TableBench: A Comprehensive and Complex Benchmark for Table Question Answering (2408.09174v1)

Published 17 Aug 2024 in cs.CL

Abstract: Recent advancements in LLMs have markedly enhanced the interpretation and processing of tabular data, introducing previously unimaginable capabilities. Despite these achievements, LLMs still encounter significant challenges when applied in industrial scenarios, particularly due to the increased complexity of reasoning required with real-world tabular data, underscoring a notable disparity between academic benchmarks and practical applications. To address this discrepancy, we conduct a detailed investigation into the application of tabular data in industrial scenarios and propose a comprehensive and complex benchmark TableBench, including 18 fields within four major categories of table question answering (TableQA) capabilities. Furthermore, we introduce TableLLM, trained on our meticulously constructed training set TableInstruct, achieving comparable performance with GPT-3.5. Massive experiments conducted on TableBench indicate that both open-source and proprietary LLMs still have significant room for improvement to meet real-world demands, where the most advanced model, GPT-4, achieves only a modest score compared to humans.

PDF HTML Abstract

A Comprehensive Evaluation of Table Question Answering in Industrial Scenarios

The paper "TableBench: A Comprehensive and Complex Benchmark for Table Question Answering" addresses the significant challenges faced by LLMs when tasked with processing tabular data in industrial settings. Despite notable advances in LLMs like GPT-3.5 and GPT-4, their practical application in table question answering (TableQA) often falls short due to the intricate reasoning required in real-world scenarios. This paper introduces TableBench, a carefully curated and complex benchmark designed to bridge the gap between academic-focused and industry-applicable evaluation frameworks.

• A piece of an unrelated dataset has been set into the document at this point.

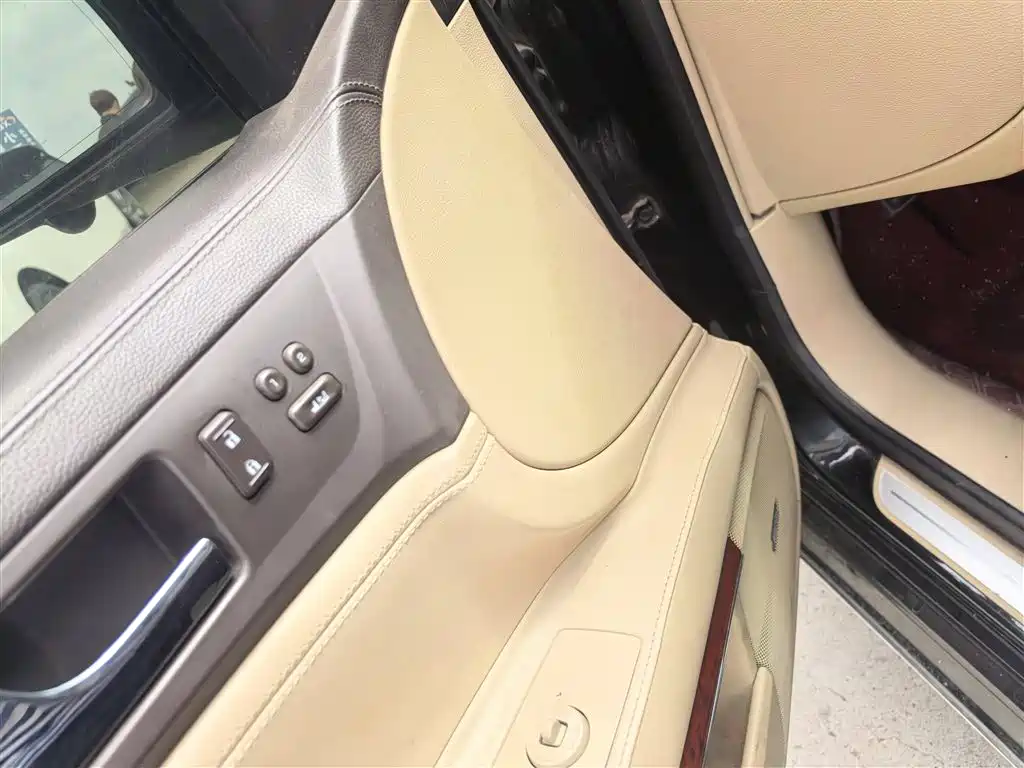 Cadillac SLS 2012 2.0T Comfort фото 7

Contributions and Methodology

The authors present several key contributions:

Development of TableBench: A meticulously annotated benchmark comprising 886 samples across 18 fields within four major categories of TableQA tasks. TableBench is crafted to facilitate tasks such as fact-checking, numerical reasoning, data analysis, and visualization.
Introduction of TableInstruct: A substantial TableQA instruction corpus encompassing various reasoning methodologies, including Textual Chain-of-Thought (TCoT), Symbolic Chain-of-Thought (SCoT), and Program-of-Thought (PoT).
Performance Evaluation: An extensive evaluation of over 30 LLMs, both proprietary and open-source, using the TableBench framework. The introduction of a leaderboard assesses model capabilities across the aforementioned TableQA tasks.

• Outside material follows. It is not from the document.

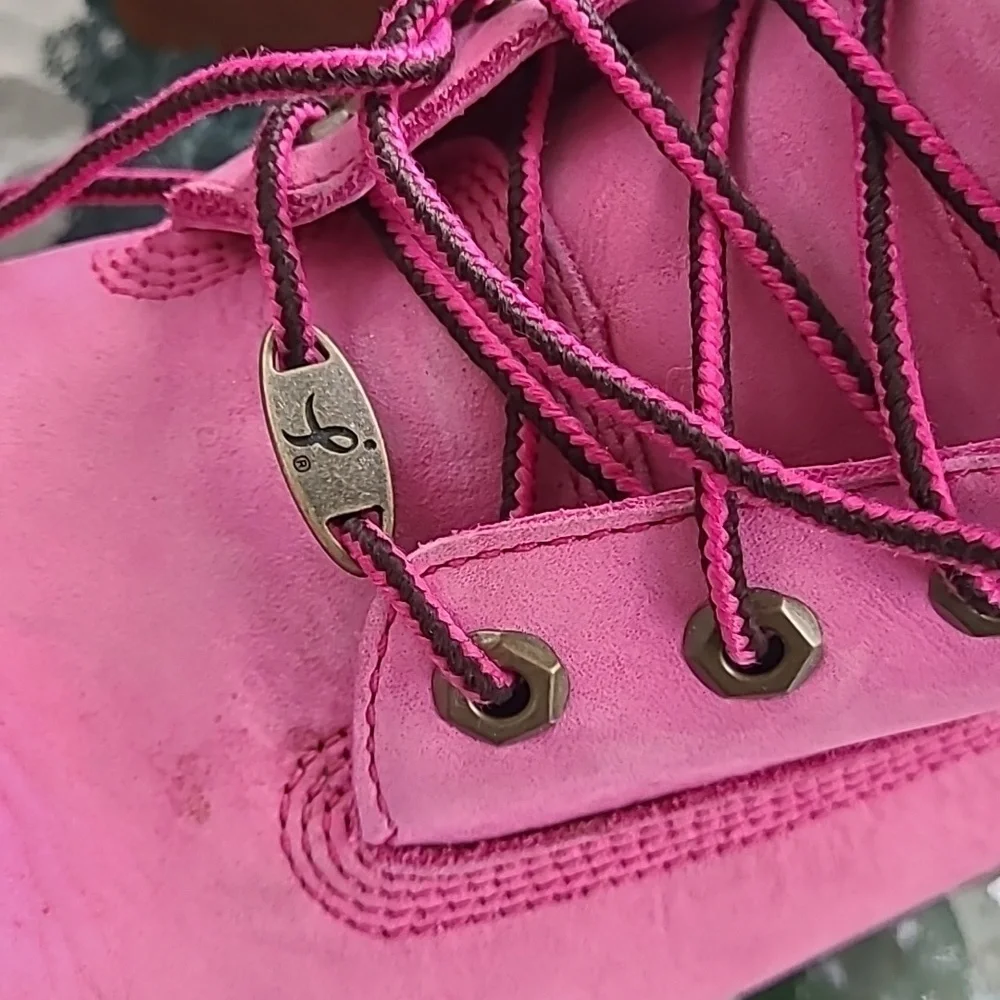 Pink Susan G Komen Breast Cancer Timberland Special‎ Edition Boots size 7 Boys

The paper categorizes the task complexity based on the required reasoning steps and employs a rigorous annotation workflow to construct TableBench. The benchmark's tasks demand multi-step reasoning, highlighting the complexities encountered in real-world applications.

Results and Observations

Experimental results underscore that, while improvements have been made, there remains a significant gap between LLM performance and human capabilities in TableQA tasks. Notably, even advanced models like GPT-4 achieve only a modest performance compared to human evaluators, particularly in scenarios necessitating nuanced computational reasoning and information synthesis.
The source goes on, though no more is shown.